[FFmpeg-devel] [RFC] FFmpeg libavcodec/crystalhd.c: Optimize for reduced latency

thomas schorpp thomas.schorpp at gmail.com
Thu Jan 31 13:39:22 CET 2013


Hi Philip,

On 30.01.2013 18:06, Philip Langdale wrote:
> On Wed, 30 Jan 2013 00:25:14 +0100
> thomas schorpp <thomas.schorpp at gmail.com> wrote:
>
>> Hello,
>>
>> 1.
>> Are You all with vdpau now or was it the kernel crashing driver bug
>> why most crystal HD projects dropped now for about a year? Patch
>> attached. Seems to work, no more kernel crashes so far. Broadcom
>> authors and owner of crystalhd @git.linuxtv.org (latest codebase) not
>> responding, google group left, anybody out there?
>
> Hi Tom,
>
> Yes, it's a bit of a dead community. I haven't had the time to look
> seriously at CrystalHD work for a while. It's very time consuming and
> frustrating at this point - as most of what you're doing is trying to
> work around lack of information. You can't trust the driver/library to
> tell you when a frame a ready, or when a new input packet is needed, or
> whether an output frame is interlaced or not. 80%+ of crystalhd.c is
> interlaced heuristics!

Yes, looks like You can fill the pipeline with 100s of frames but ReadyListCount
does not increase >1 unless DtsProcOutputNoCopy is called.

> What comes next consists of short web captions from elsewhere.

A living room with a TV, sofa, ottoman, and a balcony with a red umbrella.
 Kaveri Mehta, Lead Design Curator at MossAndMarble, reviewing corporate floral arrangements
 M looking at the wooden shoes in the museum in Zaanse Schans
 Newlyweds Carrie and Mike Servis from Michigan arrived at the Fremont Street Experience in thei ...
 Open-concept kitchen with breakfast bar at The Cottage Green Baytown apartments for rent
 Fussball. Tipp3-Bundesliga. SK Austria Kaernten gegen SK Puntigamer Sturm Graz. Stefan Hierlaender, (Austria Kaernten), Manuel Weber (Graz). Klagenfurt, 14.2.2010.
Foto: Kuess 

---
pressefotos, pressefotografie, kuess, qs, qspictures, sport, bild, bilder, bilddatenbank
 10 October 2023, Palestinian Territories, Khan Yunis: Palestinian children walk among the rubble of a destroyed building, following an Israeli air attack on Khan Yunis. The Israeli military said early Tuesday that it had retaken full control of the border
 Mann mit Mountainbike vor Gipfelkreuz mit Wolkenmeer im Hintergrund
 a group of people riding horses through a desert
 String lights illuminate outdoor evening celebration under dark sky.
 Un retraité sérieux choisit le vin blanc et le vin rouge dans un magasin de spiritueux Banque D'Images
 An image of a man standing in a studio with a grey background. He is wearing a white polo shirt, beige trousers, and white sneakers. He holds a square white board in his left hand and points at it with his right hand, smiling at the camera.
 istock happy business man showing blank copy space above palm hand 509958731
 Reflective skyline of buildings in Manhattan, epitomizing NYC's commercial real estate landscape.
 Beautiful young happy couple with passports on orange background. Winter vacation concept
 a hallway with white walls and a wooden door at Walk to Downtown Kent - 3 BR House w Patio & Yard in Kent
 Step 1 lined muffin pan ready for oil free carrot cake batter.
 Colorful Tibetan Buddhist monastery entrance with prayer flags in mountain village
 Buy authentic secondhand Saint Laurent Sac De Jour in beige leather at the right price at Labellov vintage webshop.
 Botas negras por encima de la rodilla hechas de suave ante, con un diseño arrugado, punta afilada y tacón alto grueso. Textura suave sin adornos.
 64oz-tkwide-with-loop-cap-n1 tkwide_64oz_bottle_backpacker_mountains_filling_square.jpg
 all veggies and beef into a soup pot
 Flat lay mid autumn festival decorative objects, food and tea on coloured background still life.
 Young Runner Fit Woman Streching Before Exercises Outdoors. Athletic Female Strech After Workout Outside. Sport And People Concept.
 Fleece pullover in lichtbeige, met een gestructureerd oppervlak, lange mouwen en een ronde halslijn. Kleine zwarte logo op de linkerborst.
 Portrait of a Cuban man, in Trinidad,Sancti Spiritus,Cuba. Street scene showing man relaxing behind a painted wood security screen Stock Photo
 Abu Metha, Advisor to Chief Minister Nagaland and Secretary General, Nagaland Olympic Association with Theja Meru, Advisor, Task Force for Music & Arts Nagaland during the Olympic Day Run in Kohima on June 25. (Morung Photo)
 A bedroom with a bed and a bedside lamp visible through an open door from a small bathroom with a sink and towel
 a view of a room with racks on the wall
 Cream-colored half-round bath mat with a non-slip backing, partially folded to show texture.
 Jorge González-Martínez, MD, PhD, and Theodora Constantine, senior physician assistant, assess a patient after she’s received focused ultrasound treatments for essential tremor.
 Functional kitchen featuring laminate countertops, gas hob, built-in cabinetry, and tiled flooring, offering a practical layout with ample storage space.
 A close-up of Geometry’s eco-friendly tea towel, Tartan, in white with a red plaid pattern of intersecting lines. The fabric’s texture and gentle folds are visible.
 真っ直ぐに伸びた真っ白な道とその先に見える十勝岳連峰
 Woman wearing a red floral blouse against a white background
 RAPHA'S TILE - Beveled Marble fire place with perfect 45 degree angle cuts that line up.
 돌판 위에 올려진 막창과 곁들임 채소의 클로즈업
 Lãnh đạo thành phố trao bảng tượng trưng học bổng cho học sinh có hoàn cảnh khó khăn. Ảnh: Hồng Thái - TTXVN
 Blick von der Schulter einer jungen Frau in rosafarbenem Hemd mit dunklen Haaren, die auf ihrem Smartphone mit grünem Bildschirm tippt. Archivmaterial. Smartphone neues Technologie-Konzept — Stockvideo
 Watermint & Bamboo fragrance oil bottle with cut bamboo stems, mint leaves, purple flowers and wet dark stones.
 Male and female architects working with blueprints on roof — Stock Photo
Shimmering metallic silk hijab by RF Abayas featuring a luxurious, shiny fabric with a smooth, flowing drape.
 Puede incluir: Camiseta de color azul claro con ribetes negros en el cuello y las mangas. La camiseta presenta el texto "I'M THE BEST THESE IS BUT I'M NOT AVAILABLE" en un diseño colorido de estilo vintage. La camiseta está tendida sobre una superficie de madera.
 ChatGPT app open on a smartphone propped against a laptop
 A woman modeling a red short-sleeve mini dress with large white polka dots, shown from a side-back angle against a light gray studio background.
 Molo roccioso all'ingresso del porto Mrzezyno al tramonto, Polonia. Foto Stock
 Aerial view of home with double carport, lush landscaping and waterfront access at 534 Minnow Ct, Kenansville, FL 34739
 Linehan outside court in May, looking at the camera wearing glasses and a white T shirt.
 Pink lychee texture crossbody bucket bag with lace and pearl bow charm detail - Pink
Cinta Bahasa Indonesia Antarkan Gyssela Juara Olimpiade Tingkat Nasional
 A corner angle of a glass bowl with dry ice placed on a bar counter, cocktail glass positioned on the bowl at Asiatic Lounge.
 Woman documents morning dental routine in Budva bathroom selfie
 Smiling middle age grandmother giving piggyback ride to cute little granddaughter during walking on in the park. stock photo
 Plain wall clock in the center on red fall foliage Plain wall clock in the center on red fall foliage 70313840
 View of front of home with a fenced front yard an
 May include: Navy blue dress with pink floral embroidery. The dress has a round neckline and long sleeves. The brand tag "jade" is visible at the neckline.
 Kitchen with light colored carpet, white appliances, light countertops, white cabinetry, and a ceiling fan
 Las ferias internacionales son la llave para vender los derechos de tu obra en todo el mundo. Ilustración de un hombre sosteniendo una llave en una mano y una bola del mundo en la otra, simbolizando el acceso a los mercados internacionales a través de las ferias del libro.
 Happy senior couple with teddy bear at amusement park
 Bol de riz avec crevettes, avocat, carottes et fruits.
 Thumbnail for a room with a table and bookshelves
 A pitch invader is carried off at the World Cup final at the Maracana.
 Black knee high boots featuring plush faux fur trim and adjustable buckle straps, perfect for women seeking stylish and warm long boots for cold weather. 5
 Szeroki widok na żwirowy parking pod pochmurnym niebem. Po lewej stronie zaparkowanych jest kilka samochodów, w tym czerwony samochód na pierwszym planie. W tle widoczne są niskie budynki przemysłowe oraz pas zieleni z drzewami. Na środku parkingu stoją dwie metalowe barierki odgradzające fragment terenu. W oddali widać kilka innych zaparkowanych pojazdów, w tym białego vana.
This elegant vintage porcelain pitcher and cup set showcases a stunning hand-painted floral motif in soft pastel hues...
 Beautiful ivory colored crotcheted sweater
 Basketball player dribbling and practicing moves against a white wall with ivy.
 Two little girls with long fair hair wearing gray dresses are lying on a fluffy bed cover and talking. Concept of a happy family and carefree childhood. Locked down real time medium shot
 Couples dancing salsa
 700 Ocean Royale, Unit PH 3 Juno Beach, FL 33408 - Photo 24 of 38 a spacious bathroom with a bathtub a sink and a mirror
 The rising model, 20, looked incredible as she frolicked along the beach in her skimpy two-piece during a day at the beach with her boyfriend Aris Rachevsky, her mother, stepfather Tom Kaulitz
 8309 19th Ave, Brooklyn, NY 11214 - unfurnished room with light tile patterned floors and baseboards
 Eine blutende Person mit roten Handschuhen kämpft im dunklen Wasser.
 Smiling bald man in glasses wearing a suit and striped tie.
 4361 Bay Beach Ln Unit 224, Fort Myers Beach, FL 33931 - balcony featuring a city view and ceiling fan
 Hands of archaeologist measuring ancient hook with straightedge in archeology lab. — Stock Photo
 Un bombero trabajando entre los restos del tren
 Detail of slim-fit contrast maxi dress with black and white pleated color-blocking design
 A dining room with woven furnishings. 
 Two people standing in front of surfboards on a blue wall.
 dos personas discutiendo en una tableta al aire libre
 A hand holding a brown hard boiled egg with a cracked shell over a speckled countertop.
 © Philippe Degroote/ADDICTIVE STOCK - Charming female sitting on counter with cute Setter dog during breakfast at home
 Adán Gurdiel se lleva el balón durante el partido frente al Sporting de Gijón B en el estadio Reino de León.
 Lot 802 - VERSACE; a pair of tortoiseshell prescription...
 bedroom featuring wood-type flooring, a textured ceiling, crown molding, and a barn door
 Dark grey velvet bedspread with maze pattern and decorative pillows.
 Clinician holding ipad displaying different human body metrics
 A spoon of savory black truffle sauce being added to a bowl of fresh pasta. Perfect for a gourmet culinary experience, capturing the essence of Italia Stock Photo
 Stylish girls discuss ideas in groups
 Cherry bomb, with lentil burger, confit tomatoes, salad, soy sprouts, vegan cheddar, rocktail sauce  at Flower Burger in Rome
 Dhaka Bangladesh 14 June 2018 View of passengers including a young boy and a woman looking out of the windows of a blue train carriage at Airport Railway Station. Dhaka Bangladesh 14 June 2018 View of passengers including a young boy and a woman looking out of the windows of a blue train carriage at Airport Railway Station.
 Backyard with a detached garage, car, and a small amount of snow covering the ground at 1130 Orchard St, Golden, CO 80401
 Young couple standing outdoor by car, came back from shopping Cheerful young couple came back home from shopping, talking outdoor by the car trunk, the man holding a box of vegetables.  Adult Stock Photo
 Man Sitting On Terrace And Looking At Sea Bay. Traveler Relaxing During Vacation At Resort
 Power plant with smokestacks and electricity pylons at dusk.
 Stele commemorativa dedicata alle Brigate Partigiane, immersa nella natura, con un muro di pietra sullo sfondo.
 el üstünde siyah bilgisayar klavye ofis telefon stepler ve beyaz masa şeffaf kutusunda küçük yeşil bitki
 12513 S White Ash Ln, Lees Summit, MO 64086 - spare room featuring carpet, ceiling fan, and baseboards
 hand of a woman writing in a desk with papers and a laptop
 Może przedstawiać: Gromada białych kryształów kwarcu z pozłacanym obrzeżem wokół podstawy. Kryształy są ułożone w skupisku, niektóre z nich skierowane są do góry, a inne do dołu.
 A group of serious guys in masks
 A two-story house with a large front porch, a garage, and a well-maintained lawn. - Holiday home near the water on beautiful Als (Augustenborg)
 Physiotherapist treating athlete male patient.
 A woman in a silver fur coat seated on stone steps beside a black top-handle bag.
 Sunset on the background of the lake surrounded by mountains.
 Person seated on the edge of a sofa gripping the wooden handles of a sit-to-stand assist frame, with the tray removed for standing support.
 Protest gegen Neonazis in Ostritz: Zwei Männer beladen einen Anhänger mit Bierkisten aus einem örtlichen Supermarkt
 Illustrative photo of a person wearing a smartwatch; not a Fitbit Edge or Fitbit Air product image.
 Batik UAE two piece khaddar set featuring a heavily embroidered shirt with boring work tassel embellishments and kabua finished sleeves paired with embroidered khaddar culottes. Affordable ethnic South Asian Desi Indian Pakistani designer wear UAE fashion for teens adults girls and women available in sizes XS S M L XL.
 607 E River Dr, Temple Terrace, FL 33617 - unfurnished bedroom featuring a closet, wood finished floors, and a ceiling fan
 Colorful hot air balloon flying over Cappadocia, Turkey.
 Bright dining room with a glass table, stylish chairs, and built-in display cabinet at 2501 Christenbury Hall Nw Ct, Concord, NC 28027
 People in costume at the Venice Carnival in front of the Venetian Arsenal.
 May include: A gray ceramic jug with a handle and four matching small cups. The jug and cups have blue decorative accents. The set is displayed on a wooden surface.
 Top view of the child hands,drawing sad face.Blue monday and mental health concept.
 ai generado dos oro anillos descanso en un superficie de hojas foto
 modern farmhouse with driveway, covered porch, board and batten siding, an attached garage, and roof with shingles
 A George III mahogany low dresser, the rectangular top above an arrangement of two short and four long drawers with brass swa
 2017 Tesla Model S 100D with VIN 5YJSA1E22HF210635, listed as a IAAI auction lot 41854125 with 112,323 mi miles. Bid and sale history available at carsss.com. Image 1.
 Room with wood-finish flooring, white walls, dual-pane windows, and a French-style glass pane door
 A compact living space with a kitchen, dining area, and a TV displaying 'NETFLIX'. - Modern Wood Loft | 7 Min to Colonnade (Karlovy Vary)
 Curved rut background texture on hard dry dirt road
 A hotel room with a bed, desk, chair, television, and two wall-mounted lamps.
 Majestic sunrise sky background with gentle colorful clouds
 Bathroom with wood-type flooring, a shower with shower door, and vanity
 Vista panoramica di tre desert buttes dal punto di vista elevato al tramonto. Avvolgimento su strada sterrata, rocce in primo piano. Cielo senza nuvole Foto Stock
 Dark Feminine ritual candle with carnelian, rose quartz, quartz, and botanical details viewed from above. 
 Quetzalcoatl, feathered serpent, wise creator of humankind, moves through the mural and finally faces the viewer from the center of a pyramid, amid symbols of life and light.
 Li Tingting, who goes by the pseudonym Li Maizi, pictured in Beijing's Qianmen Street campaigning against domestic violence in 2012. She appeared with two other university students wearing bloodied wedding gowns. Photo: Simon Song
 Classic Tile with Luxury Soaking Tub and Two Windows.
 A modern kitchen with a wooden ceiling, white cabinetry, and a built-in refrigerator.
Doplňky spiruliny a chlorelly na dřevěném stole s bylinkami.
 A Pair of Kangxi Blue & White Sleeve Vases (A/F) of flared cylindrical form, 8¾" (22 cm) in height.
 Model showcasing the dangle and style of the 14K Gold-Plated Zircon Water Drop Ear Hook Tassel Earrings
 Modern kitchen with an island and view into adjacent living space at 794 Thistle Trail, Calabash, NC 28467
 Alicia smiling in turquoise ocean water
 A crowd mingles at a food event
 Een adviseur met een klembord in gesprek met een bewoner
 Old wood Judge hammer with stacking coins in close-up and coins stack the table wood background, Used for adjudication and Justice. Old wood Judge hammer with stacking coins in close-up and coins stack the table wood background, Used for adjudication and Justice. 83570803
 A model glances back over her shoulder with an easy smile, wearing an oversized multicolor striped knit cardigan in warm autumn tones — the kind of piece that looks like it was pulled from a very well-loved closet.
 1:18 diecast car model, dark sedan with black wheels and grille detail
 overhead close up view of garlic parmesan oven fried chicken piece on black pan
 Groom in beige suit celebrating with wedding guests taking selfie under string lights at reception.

My last control loop experiment is attached. -patch-

I've managed to raise transcoding performance with -vf mp=stereo3d from
15 up to 25 in a few cases with some settings here

//    if (priv->output_ready < 2) {
     if (decoder_status.FreeListCount > 2 && decoder_status.ReadyListCount < 1) {
//        if (decoder_status.ReadyListCount != 0)
//            priv->output_ready++;
         usleep(BASE_WAIT);
     av_log(avctx, AV_LOG_WARNING, "Filling pipeline. Current delay: %"PRIu64" us  FreeListCount %d ReadyListCount: %d \n", priv->decode_wait,  decoder_status.FreeListCount, decoder_status.ReadyListCount);
         return len;
     } else if (decoder_status.FreeListCount > 0 && decoder_status.ReadyListCount < 1) {
         /*
          * After the pipeline is established, if we encounter a lack of frames
          * that probably means we're not giving the hardware enough time to
          * decode them, so start increasing the wait time at the end of a
          * decode call.
          */
         usleep(BASE_WAIT);
         priv->decode_wait += WAIT_UNIT;
         av_log(avctx, AV_LOG_WARNING, "No frames ready. Current delay: %"PRIu64" us  FreeListCount %d ReadyListCount: %d \n", priv->decode_wait,  decoder_status.FreeListCount, decoder_status.ReadyListCount);
         return len;
     }

but video output stream was broken by interrupts and picture "salad" then in most cases.

>
> I had some contact with one of the Broadcom engineers back in 2011 and
> he had said he'd try and get help for all this stuff but he never got
> back to me and I had less and less time to work on it, so my efforts
> tailed off. I got the 70015 working well enough for my needs so my
> personal motivation to fix 70012, which has such different behaviour,
> was low. I know it can be made to work (see gstreamer plugin, vlc, etc)
> but it would be a lot of work to adapt the multi-threaded design to
> an ffmpeg codec.

All the Ebay Chinese sell Azurewave models, but nothing on their website, looks like off-market.

>
>> 2.
>> BCM70012 is running at ~30...40% cpu load with Latencytop measured up
>> to 70% "Application requested delay" using ffmpeg but only at ~10%
>> cpu load under winxp here , so the device is not the problem, not
>> much better with BCM70015, so the current performance of crystal HD
>> support is only about 20% above the ffmpeg software h.264 decoder on
>> a SSE2/3 2 core cpu and ~50% *below* at transcoding and filtering and
>> does not work with Bino, VLC, gstreamer or the NOAD VDR addon, VDR
>> markad seems to work.
>
> This is not too surprisingly, the sleep based approach I took will lead
> to that kind of profile, but as I've discussed before, and somewhat in
> the thread you quote, I was never able to get a delay-free
> implementation to work due to not being able to trust the hardware to
> say when input is needed or output is ready.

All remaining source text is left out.